Красавец тяпнутый – он был уже без халата, в приличном чёрном костюме – передёрнул широкими плечами, вежливо ухмыльнулся и налил прозрачной.
– Новоблагословенная? – осведомился он.
– Бог с вами, голубчик, отозвался хозяин. – Это спирт. Дарья Петровна сама отлично готовит водку.
– Не скажите, Филипп Филиппович, все утверждают, что очень приличная – 30 градусов.
– А водка должна быть в 40 градусов, а не в 30, это во-первых, – наставительно перебил Филипп Филиппович, а во-вторых, – Бог их знает, чего они туда плеснули. Вы можете сказать – что им придёт в голову?
– Всё что угодно, – уверенно молвил тяпнутый.
– И я того же мнения, – добавил Филипп Филиппович и вышвырнул одним комком содержимое рюмки себе в горло. – Мм... доктор Борменталь, умоляю вас, мгновенно эту штучку, и если вы скажете, что это... я ваш кровный враг на всю жизнь. От Севильи до Гренады...
Сам он с этими словами подцепил на лапчатую серебряную вилку что-то похожее на маленький тёмный хлебик. Укушенный последовал его примеру. Глаза Филиппа Филипповича засветились.
– Это плохо? – жуя, спрашивал Филипп Филиппович. – Плохо? Вы ответьте, уважаемый доктор.
– Это бесподобно, – искренне ответил тяпнутый.

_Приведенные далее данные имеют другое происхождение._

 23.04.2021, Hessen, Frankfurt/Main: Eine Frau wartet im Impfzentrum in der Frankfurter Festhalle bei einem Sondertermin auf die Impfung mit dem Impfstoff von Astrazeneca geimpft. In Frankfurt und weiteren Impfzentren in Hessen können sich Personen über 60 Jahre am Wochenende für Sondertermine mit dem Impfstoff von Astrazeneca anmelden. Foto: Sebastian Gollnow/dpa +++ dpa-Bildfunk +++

– Ещё бы.... Заметьте, Иван Арнольдович, холодными закусками и супом закусывают только недорезанные большевиками помещики. Мало-мальски уважающий себя человек оперирует закусками горячими. А из горячих закусок, – это первая. Когда-то их великолепно приготовляли в "Славянском базаре". На, получай.
– Пса в столовой прикармливаете, – раздался женский голос, – а потом его отсюда калачом не выманишь.

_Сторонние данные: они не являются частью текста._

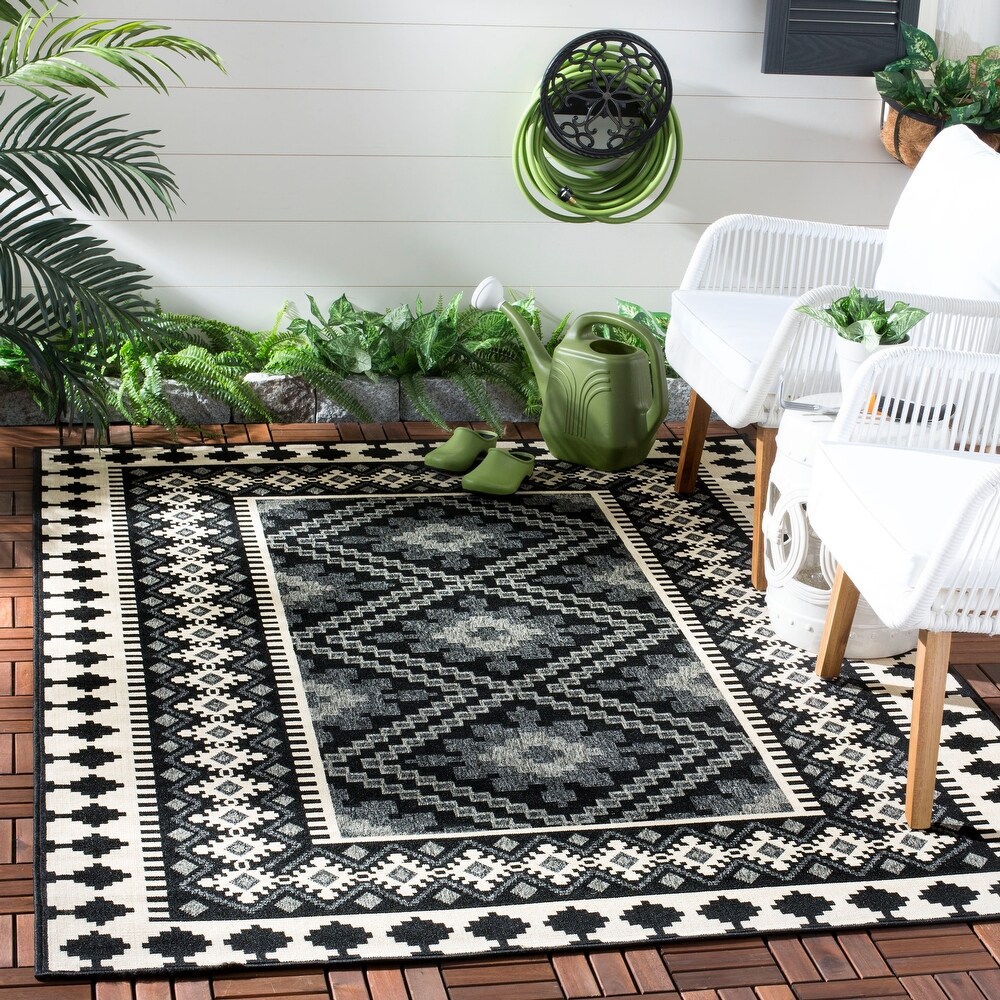 SAFAVIEH Veranda Eyvor Indoor/ Outdoor Waterproof Patio Backyard Rug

– Ничего. Бедняга наголодался, – Филипп Филиппович на конце вилки подал псу закуску, принятую тем с фокусной ловкостью, и вилку с грохотом свалил в полоскательницу.
Засим от тарелок поднимался пахнущий раками пар; пёс сидел в тени скатерти с видом часового у порохового склада. А Филипп Филиппович, заложив хвост тугой салфетки за воротничок, проповедовал:
– Еда, Иван Арнольдович, штука хитрая. Есть нужно уметь, а представьте себе – большинство людей вовсе есть не умеют. Нужно не только знать, что есть, но и когда и как. (Филипп Филиппович многозначительно потряс ложкой.) И что при этом говорить. Да-с. Если вы заботитесь о своём пищеварении, мой добрый совет – не говорите за обедом о большевизме и медицине. И – боже вас сохрани – не читайте до обеда советских газет.